See the moon below projected onto the cardboard?
I wrote a dandy poem about it. Lemme see if I can find it.
GATHERING FORCES The machinery on high looks down at the earthlings they're on the road again in the sunny U S A A few are joggin, most have taken to their vehicles, Ford pick-ups, Toyota Raves with dogs barking out the back windows, and how bout that three-wheeled red motorcycle! "Hun, did you check the oil?" "Got enough blankets just in case?" "What if the baby comes when we're outside Portland?" Even folks in nursing homes feel the pull, the excitement, the thrill Jest let me live till the sky darkens says ole Granny in her terrycloth robe.
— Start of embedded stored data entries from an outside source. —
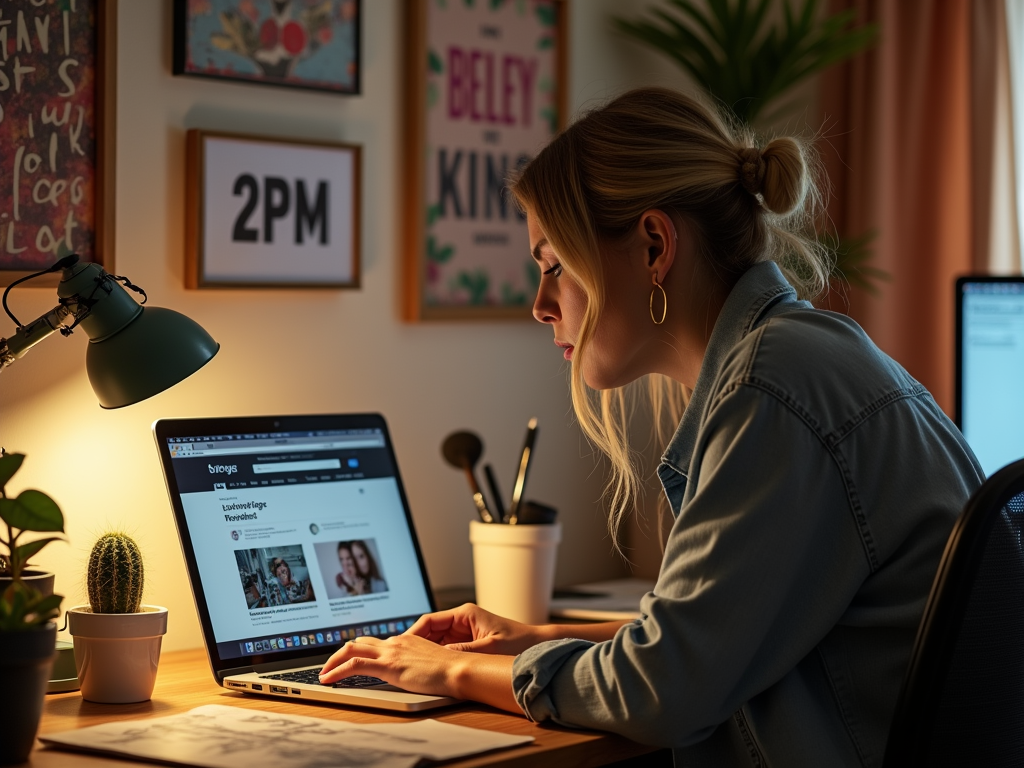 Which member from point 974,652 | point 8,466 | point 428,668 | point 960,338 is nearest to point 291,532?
point 428,668

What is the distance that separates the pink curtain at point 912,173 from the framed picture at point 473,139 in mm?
608

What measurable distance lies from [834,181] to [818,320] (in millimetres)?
1244

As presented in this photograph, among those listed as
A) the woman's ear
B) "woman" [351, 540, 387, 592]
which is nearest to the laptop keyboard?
"woman" [351, 540, 387, 592]

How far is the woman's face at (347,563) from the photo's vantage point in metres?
1.60

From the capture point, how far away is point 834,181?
2406mm

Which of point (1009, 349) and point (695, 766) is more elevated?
point (1009, 349)

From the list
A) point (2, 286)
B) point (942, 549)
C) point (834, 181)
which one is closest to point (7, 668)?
point (2, 286)

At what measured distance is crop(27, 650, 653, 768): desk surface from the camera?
111 centimetres

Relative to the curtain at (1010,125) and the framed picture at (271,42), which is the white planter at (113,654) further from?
the curtain at (1010,125)

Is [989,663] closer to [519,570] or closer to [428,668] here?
[428,668]

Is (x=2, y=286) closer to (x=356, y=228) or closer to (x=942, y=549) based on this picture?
(x=356, y=228)

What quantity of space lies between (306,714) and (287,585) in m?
0.29

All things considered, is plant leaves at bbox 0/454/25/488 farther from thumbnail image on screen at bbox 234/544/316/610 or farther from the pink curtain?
the pink curtain

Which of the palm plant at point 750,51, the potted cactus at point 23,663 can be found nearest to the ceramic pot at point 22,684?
the potted cactus at point 23,663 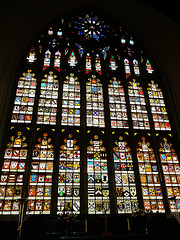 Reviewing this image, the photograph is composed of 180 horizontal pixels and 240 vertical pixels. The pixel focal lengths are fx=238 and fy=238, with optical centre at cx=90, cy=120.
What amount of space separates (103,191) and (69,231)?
189 cm

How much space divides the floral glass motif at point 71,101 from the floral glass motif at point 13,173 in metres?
1.74

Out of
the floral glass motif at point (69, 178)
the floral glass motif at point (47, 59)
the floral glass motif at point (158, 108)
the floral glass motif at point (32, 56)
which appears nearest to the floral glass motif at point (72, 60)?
the floral glass motif at point (47, 59)

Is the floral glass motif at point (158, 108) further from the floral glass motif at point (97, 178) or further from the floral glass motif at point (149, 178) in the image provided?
the floral glass motif at point (97, 178)

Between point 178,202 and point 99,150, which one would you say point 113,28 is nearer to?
point 99,150

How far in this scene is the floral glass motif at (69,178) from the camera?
7289 millimetres

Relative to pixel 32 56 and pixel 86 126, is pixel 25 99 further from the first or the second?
pixel 86 126

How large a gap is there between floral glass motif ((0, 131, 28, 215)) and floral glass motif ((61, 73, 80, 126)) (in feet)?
5.71

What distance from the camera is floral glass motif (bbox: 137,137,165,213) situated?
300 inches

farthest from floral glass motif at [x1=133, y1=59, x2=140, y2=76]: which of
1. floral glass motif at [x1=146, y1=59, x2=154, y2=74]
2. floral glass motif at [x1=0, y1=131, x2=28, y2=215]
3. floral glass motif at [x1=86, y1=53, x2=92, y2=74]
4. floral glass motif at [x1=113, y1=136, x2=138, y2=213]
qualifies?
floral glass motif at [x1=0, y1=131, x2=28, y2=215]

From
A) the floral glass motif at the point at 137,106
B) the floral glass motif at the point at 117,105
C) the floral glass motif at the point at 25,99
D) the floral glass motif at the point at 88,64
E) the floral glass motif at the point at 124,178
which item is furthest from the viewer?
the floral glass motif at the point at 88,64

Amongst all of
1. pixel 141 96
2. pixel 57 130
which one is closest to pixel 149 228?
pixel 57 130

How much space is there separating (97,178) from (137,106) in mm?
3559

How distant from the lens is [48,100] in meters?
9.28

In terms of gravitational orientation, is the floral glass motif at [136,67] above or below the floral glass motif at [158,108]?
above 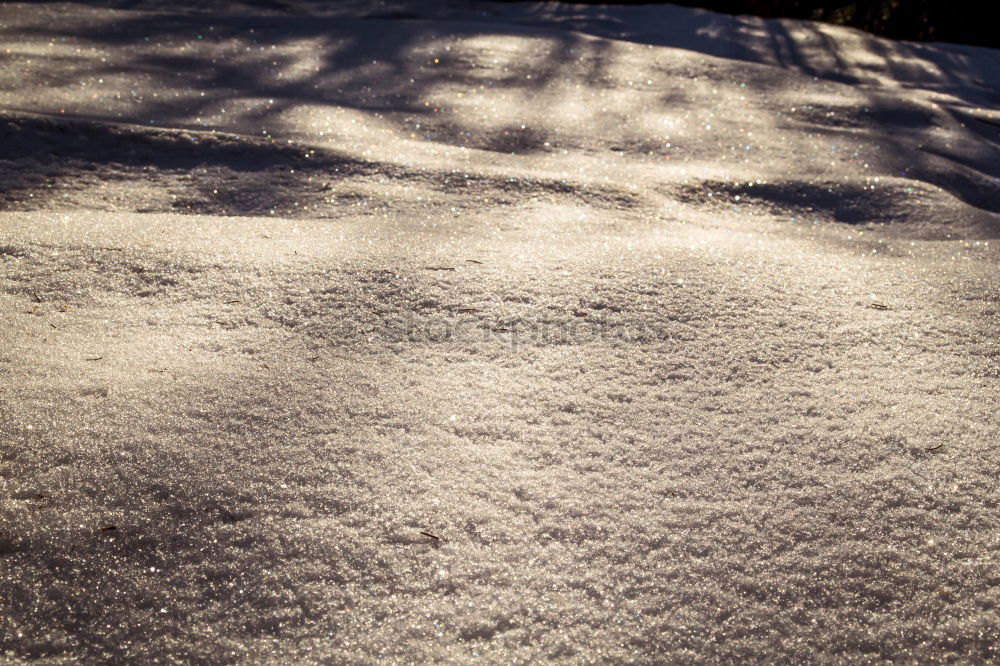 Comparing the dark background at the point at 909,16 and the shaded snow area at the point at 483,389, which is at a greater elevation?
the dark background at the point at 909,16

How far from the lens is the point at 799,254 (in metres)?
1.58

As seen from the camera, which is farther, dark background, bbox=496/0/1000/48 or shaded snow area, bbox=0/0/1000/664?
dark background, bbox=496/0/1000/48

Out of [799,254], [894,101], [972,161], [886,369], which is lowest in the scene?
[886,369]

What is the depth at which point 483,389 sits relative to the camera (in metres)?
1.13

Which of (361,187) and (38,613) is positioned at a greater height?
(361,187)

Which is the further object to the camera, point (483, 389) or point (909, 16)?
Answer: point (909, 16)

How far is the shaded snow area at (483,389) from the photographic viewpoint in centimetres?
81

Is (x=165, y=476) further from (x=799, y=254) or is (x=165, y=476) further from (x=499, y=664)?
(x=799, y=254)

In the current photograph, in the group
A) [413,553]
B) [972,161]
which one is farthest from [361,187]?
[972,161]

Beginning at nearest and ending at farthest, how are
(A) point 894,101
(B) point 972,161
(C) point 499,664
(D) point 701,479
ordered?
(C) point 499,664
(D) point 701,479
(B) point 972,161
(A) point 894,101

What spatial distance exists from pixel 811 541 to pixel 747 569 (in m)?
0.11

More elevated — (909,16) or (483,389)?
(909,16)

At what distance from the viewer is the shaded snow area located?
81cm

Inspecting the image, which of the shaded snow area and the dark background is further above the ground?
the dark background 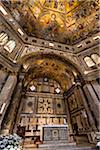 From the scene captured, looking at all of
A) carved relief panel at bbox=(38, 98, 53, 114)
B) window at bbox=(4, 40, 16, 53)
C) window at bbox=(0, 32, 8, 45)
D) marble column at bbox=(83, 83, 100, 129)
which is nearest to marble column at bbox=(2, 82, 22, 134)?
window at bbox=(4, 40, 16, 53)

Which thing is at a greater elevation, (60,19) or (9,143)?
(60,19)

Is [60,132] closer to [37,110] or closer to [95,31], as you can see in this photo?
[37,110]

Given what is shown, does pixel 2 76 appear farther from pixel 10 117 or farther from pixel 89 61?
pixel 89 61

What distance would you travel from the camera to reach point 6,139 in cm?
434

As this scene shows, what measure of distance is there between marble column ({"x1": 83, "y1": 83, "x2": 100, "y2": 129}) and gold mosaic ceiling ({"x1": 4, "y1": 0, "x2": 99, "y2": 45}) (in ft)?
21.1

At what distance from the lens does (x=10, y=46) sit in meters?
9.48

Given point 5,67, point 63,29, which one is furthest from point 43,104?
point 63,29

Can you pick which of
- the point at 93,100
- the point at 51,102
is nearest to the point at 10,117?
the point at 51,102

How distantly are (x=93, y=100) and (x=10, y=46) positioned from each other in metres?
7.84

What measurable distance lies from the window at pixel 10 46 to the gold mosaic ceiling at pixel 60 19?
2.69 metres

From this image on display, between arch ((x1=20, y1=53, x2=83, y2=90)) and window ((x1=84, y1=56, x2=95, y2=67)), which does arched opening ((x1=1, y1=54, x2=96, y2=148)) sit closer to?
arch ((x1=20, y1=53, x2=83, y2=90))

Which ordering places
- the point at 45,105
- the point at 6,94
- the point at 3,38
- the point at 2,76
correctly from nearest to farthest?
the point at 6,94, the point at 2,76, the point at 3,38, the point at 45,105

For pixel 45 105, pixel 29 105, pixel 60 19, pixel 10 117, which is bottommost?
pixel 10 117

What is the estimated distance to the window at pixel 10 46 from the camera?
29.7ft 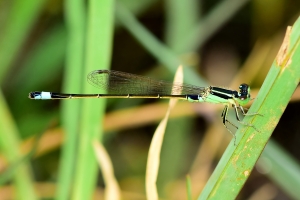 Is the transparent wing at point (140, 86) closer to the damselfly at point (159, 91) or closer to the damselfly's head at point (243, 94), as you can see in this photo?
the damselfly at point (159, 91)

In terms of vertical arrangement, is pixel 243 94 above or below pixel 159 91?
above

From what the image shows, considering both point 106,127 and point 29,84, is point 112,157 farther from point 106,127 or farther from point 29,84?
point 29,84

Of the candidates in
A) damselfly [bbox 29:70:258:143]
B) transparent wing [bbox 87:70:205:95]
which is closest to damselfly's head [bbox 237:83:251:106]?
damselfly [bbox 29:70:258:143]

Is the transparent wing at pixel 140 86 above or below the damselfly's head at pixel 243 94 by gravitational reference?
below

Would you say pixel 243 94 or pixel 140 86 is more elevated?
pixel 243 94

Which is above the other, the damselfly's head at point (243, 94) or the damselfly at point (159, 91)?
the damselfly's head at point (243, 94)

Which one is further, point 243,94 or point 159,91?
point 159,91

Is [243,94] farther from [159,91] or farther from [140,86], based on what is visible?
[140,86]

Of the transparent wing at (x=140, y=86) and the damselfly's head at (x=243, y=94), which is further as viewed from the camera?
the transparent wing at (x=140, y=86)

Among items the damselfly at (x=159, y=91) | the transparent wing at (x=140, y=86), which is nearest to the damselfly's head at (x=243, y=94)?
the damselfly at (x=159, y=91)

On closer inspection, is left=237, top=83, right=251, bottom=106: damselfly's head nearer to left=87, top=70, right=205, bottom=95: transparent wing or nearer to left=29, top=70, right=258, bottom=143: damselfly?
left=29, top=70, right=258, bottom=143: damselfly

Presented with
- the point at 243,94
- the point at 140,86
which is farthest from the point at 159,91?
the point at 243,94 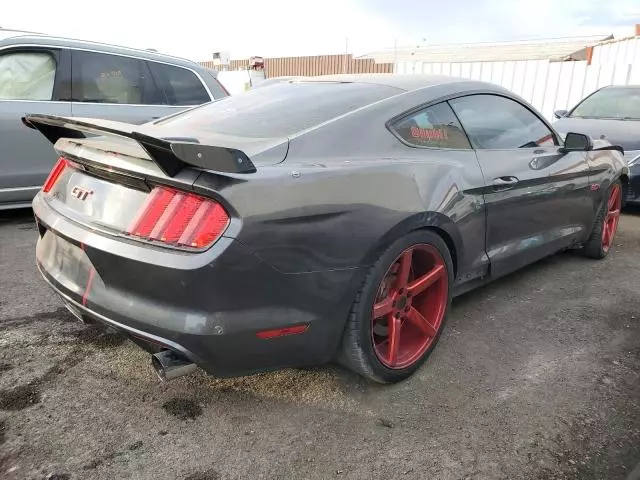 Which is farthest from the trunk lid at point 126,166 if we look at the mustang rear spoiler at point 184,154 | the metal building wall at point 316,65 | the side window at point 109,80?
the metal building wall at point 316,65

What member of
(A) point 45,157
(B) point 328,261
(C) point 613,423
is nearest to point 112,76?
(A) point 45,157

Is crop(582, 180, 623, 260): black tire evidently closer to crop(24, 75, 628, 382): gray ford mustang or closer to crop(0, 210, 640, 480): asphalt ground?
crop(0, 210, 640, 480): asphalt ground

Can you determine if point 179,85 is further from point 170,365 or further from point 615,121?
point 615,121

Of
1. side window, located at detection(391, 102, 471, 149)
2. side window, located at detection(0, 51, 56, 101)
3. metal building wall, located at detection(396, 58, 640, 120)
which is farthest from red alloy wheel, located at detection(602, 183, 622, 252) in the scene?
metal building wall, located at detection(396, 58, 640, 120)

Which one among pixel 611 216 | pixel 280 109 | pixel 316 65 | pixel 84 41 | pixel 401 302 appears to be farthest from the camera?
pixel 316 65

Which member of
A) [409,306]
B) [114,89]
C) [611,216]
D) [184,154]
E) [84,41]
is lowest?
[611,216]

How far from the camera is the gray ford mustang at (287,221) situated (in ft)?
5.89

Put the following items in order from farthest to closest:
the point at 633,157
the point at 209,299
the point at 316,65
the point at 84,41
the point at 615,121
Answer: the point at 316,65
the point at 615,121
the point at 633,157
the point at 84,41
the point at 209,299

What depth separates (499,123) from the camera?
3180 mm

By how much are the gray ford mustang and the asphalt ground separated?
0.83 ft

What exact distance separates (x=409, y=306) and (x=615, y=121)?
5.49 meters

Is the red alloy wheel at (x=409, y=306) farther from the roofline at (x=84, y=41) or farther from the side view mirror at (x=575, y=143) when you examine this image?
the roofline at (x=84, y=41)

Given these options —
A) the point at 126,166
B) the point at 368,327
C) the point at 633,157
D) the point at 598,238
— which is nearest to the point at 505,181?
the point at 368,327

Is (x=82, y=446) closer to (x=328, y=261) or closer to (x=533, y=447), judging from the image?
(x=328, y=261)
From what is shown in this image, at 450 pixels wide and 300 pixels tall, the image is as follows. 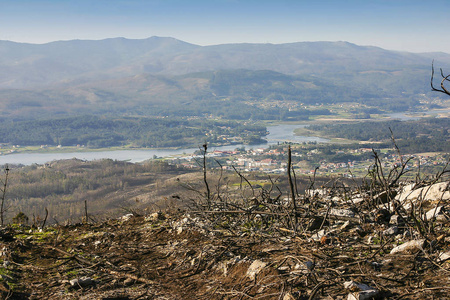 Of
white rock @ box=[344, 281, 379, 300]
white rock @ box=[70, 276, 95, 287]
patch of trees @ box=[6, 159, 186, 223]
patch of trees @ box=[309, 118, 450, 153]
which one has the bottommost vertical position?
patch of trees @ box=[6, 159, 186, 223]

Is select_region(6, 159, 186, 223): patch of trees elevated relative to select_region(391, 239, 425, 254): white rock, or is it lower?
lower

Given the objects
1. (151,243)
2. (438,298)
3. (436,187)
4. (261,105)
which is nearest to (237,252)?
(151,243)

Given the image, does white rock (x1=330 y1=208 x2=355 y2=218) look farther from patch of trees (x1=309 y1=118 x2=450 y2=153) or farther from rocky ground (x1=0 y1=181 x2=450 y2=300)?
patch of trees (x1=309 y1=118 x2=450 y2=153)

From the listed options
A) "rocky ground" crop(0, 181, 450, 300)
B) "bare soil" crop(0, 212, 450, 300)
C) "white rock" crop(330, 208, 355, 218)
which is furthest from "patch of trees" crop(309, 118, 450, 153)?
"bare soil" crop(0, 212, 450, 300)

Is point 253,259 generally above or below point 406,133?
above

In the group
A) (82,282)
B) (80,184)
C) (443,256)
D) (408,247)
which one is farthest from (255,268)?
(80,184)

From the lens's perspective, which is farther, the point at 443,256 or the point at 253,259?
Answer: the point at 253,259

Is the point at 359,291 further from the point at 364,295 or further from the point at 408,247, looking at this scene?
the point at 408,247

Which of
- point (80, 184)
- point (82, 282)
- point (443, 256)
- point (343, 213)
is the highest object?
point (443, 256)

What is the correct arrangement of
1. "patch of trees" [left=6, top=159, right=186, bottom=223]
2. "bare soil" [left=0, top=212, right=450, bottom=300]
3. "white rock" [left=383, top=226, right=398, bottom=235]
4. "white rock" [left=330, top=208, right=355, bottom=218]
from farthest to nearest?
"patch of trees" [left=6, top=159, right=186, bottom=223] → "white rock" [left=330, top=208, right=355, bottom=218] → "white rock" [left=383, top=226, right=398, bottom=235] → "bare soil" [left=0, top=212, right=450, bottom=300] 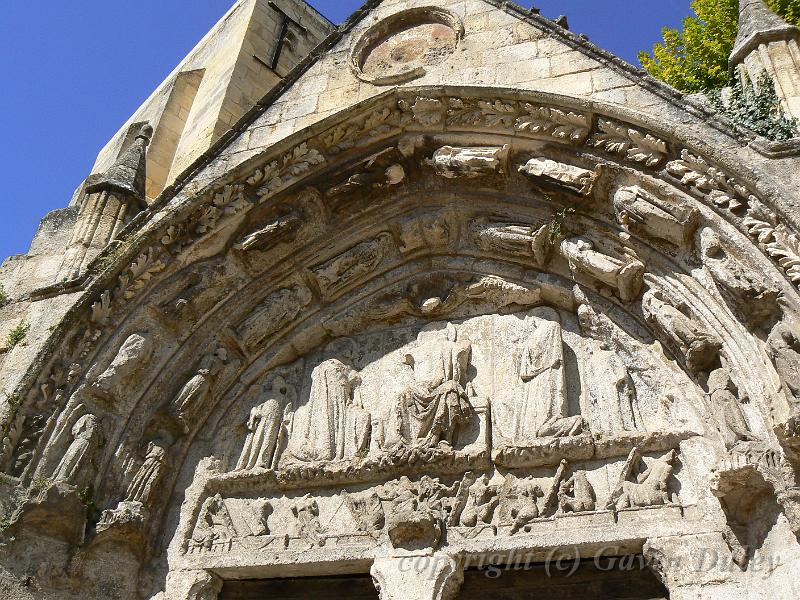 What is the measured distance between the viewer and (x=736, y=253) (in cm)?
476

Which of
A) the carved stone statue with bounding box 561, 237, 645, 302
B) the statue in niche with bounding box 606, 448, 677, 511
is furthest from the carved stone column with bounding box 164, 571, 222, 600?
the carved stone statue with bounding box 561, 237, 645, 302

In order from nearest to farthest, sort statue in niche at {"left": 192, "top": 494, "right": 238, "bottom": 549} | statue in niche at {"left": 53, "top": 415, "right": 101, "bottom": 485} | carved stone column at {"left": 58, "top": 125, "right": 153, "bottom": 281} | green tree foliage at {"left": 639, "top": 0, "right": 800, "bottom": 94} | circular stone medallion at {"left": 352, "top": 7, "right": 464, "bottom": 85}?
statue in niche at {"left": 53, "top": 415, "right": 101, "bottom": 485} < statue in niche at {"left": 192, "top": 494, "right": 238, "bottom": 549} < carved stone column at {"left": 58, "top": 125, "right": 153, "bottom": 281} < circular stone medallion at {"left": 352, "top": 7, "right": 464, "bottom": 85} < green tree foliage at {"left": 639, "top": 0, "right": 800, "bottom": 94}

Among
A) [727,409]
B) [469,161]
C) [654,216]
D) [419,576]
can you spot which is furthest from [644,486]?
[469,161]

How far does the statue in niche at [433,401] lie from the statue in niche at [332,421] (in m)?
0.21

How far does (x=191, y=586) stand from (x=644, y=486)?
111 inches

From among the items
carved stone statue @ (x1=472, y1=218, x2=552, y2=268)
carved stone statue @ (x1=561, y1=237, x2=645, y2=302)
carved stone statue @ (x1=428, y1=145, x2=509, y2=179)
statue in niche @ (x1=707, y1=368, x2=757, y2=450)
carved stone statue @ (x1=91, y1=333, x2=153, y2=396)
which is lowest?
statue in niche @ (x1=707, y1=368, x2=757, y2=450)

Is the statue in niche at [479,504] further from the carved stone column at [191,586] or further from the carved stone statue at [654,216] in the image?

Great fried chicken, Fontaine, say the folks in her new gold Lexus whose shocks protect them from trash the thoughtless have tossed from their windows. Fontaine wipes her mouth and says, "Extra napkins in the glove, Dunkin Donuts this time." "You're the best, Mama!" says daughter LeVonne. They've finally made up after years of squabbling. The bipolar didn't help none. The shadows begin to fall at different times a hush falls over America bathed in a new amaze, a new belief that Yes, let's try again, I'll make something of myself this time, I'll give up drugs, be nicer to my sister, listen to more Joshua Redmund on tenor sax, obey the 10 commandments, or most of em anyway. And then each one is left in their own thoughts, many wondering, Will the darkness last forever? Outside the rest stop in South Carolina the doctor and his wife sit atop a picnic table and stare at the sky. Each has a pair of special glasses that shield their eyes. "Reminds me, Dear, of when we watched 'The Fly' back home at the drive-in with the 3-D glasses." "Help me! Help me!" "All's I can say," said the doctor "is that we drove - what? - 8 hours exhausted, arguing, heads out the window to stay awake to see a golden chalice in the sky that comes once every 17 years. Was it worth it?" "Damn straight," they cried in unison.